The report found 12.4 percent of 2023 added positions—most in construction and utilities—were union jobs, surpassing the overall 11-percent “unionization rate” across the sector.
“With union density in clean energy at record highs, it’s clear we can create good jobs and advance a cleaner economy at the same time,” AFL-CIO President Liz Shuler said in the DOE press release.
According to the department, Texas leads the nation with nearly 9.7 million employed in energy followed by California (932,273), Michigan (401,720), Florida (351,934), and Ohio (333,110).
In terms of clean energy, California’s 545,207 jobs are the most in any state. Texas (261,934), New York (177,202), Florida (172,115), and Illinois (130,473) round out the top five, the USEER reported.The report was lauded by, among others, the American Clean Power Association (ACP) and e2.org.
“Clean energy investments are spurring a manufacturing renaissance across America,” ACP said in an X post, noting more than 160 utility-scale manufacturing facilities have been announced since 2022 and highlighting its 2024 Clean Energy Investing In America report.
Washington-based e2.org noted since the Inflation Reduction Act’s August 2022 adoption, “companies have announced at least 334 major new clean energy and clean vehicle projects across the country.”

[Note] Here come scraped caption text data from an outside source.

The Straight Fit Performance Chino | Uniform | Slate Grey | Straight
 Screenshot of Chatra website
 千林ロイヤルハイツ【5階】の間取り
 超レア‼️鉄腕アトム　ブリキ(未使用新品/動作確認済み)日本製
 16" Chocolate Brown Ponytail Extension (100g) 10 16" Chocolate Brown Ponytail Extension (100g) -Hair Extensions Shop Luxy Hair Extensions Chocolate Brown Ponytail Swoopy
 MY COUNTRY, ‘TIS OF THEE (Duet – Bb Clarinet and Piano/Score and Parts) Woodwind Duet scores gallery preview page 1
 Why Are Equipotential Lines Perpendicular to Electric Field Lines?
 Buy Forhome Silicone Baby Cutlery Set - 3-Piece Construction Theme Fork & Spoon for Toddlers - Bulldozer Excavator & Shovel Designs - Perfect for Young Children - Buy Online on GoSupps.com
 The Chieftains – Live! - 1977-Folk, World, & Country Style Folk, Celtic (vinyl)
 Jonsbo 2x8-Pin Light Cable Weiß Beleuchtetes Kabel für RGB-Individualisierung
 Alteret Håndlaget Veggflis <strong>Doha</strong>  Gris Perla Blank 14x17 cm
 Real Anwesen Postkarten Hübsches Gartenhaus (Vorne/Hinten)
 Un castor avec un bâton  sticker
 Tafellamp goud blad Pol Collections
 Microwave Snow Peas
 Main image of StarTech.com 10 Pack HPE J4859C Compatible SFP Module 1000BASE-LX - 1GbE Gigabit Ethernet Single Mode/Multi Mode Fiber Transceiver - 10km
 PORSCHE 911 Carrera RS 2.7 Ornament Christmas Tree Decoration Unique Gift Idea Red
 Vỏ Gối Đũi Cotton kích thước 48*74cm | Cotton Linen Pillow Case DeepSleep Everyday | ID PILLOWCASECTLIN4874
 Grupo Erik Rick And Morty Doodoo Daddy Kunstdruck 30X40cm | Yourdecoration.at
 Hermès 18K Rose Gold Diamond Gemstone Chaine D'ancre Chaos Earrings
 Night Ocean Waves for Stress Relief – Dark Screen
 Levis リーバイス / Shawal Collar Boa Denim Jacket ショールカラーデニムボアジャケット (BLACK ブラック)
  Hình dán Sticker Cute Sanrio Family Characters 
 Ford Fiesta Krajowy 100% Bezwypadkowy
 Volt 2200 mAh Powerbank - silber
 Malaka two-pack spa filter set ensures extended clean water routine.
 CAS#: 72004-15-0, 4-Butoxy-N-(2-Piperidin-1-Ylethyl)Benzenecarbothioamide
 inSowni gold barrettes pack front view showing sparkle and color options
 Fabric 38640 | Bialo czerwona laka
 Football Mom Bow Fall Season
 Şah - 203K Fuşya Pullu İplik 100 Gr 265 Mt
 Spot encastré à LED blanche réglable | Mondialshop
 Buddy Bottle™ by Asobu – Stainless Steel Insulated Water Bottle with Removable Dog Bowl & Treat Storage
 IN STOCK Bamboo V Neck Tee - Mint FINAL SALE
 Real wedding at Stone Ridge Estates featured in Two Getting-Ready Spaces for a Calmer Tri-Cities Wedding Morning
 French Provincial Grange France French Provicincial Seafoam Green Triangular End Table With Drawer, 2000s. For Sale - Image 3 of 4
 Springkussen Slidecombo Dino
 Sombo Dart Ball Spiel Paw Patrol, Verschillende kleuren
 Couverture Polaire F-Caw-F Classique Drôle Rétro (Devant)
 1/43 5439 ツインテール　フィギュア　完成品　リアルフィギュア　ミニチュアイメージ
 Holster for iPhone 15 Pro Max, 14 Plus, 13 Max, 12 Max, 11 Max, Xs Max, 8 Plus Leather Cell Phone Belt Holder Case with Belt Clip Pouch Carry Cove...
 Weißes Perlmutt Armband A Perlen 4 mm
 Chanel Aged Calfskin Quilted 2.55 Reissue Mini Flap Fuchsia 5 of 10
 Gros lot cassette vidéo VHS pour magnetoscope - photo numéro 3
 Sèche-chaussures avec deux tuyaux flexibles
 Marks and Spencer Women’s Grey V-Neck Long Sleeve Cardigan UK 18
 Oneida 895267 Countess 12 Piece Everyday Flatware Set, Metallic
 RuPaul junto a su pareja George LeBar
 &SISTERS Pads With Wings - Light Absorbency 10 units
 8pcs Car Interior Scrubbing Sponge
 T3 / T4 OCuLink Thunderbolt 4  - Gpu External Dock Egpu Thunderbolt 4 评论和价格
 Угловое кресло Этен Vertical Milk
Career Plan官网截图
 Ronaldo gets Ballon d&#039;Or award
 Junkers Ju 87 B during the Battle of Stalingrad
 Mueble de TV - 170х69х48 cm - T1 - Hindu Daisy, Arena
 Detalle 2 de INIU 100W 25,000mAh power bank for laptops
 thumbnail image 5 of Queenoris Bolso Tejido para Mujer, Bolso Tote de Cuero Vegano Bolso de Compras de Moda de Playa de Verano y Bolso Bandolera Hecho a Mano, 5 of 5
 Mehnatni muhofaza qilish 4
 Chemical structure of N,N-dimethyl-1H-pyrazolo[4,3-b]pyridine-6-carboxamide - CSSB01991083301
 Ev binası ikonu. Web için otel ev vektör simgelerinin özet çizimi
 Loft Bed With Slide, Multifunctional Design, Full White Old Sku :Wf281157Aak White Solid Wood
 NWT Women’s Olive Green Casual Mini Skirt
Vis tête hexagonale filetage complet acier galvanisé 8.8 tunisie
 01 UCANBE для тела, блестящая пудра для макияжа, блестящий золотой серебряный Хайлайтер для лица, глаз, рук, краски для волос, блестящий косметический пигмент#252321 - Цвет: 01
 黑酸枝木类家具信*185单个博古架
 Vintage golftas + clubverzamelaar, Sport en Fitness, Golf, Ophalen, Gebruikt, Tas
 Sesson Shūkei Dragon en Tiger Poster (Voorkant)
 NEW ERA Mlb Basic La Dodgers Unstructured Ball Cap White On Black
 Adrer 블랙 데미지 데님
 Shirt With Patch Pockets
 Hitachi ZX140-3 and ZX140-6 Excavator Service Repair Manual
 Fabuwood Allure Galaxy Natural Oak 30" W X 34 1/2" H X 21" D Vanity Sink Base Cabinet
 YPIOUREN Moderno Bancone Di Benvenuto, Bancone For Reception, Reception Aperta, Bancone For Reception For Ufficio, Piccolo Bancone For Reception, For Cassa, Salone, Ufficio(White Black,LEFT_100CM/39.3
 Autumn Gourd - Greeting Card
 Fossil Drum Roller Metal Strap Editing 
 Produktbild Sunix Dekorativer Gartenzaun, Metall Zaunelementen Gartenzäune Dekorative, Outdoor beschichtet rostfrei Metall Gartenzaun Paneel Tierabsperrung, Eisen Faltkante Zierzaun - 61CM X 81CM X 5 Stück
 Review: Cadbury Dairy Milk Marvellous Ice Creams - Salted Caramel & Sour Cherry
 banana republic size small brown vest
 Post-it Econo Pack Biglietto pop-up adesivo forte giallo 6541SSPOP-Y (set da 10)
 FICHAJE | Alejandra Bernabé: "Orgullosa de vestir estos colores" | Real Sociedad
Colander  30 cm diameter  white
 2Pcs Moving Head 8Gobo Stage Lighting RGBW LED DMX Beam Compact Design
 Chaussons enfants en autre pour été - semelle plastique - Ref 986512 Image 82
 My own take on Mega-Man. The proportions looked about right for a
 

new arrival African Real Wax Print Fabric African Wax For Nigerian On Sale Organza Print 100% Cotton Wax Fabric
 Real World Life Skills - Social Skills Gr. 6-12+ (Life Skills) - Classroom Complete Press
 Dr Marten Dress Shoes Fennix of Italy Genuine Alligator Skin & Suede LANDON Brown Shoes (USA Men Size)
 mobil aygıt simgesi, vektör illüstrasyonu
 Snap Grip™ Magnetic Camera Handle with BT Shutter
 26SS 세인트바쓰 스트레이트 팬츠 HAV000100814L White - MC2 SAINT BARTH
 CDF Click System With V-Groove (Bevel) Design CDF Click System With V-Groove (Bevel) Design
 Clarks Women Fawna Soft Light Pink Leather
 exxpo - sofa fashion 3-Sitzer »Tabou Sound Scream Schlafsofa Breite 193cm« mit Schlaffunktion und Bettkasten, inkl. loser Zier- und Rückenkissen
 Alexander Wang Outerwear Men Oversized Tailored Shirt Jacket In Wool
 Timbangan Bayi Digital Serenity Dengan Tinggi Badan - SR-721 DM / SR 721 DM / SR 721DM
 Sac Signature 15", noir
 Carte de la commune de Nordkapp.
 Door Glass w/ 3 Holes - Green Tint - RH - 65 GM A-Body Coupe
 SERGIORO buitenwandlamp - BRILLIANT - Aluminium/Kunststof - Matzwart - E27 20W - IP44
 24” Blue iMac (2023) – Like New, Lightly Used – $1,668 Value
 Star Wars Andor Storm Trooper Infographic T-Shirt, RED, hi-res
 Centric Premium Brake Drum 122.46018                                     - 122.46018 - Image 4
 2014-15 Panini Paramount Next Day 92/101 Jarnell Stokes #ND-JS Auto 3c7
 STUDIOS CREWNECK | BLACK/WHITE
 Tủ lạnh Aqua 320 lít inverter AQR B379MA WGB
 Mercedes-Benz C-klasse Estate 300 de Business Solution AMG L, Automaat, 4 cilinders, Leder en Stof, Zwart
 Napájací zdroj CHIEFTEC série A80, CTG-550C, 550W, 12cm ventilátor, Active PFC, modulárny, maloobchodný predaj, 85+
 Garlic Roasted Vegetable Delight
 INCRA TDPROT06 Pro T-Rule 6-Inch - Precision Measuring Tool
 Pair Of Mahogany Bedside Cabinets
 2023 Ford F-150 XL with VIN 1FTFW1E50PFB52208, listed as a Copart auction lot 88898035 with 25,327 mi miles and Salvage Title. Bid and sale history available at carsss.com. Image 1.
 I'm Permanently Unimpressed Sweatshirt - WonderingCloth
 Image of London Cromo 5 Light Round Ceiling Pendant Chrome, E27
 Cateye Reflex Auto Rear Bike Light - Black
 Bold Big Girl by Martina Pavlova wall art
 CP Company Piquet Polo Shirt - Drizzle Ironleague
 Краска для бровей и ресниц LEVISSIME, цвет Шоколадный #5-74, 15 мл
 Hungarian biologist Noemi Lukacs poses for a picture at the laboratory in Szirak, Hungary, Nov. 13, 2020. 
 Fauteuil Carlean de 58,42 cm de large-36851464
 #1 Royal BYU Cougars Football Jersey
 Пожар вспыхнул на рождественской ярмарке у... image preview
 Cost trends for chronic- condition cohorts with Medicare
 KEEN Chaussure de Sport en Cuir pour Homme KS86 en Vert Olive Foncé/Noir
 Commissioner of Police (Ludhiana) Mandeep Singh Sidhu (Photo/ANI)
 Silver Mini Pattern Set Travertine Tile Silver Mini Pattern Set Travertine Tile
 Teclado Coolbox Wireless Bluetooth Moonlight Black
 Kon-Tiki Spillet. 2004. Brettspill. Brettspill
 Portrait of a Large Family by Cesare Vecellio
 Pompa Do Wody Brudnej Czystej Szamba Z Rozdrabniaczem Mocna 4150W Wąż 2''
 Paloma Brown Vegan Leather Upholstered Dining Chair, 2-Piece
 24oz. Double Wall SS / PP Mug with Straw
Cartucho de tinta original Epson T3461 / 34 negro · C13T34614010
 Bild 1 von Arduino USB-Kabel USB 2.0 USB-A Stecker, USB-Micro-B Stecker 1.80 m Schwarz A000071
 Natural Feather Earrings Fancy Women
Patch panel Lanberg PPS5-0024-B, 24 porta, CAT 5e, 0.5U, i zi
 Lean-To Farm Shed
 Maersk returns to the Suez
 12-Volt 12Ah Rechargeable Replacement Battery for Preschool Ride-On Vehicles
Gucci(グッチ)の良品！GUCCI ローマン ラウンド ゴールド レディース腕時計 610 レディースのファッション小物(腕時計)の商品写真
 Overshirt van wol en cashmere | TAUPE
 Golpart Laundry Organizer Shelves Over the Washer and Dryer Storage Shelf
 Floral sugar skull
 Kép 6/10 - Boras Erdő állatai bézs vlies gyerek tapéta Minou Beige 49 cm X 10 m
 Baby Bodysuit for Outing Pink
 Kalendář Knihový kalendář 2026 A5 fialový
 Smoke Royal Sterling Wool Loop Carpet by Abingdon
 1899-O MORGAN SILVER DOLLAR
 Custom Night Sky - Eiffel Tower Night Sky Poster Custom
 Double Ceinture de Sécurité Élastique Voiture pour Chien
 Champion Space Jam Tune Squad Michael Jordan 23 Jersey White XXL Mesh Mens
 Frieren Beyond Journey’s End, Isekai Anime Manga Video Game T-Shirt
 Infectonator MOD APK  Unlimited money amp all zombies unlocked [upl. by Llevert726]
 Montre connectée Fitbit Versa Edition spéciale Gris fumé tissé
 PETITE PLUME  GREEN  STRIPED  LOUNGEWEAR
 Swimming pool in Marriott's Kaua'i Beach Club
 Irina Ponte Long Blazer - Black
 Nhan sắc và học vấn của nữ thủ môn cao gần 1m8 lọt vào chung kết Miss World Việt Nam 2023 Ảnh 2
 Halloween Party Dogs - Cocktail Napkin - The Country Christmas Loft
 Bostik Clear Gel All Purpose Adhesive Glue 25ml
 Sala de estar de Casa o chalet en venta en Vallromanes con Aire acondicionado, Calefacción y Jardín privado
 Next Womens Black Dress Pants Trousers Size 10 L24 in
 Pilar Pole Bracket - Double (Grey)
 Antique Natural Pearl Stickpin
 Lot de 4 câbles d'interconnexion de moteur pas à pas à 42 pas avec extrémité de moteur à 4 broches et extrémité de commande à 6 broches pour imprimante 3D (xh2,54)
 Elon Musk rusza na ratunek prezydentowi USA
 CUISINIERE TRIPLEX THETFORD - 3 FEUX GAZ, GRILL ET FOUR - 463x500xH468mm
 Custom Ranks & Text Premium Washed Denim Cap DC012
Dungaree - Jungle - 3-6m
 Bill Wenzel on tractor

In its Aug. 14 report, e2.org estimates those new projects alone will create 109,278 jobs and garner $126 billion in private investments.
Pyle said to take the numbers with a grain of salt, noting basic job generation data is not the best metric to evaluate if clean energy investment is helping or hurting the economy.
“There may be fewer jobs being created in the oil and gas industry but the amount of energy that is produced” by one oil or gas job compared to one renewable energy job—or “energy density”—is significantly greater, he said.
“So the question is, there may be growing employment in certain sectors, but that doesn’t make it the most useful use of resources and of labor,” Pyle said.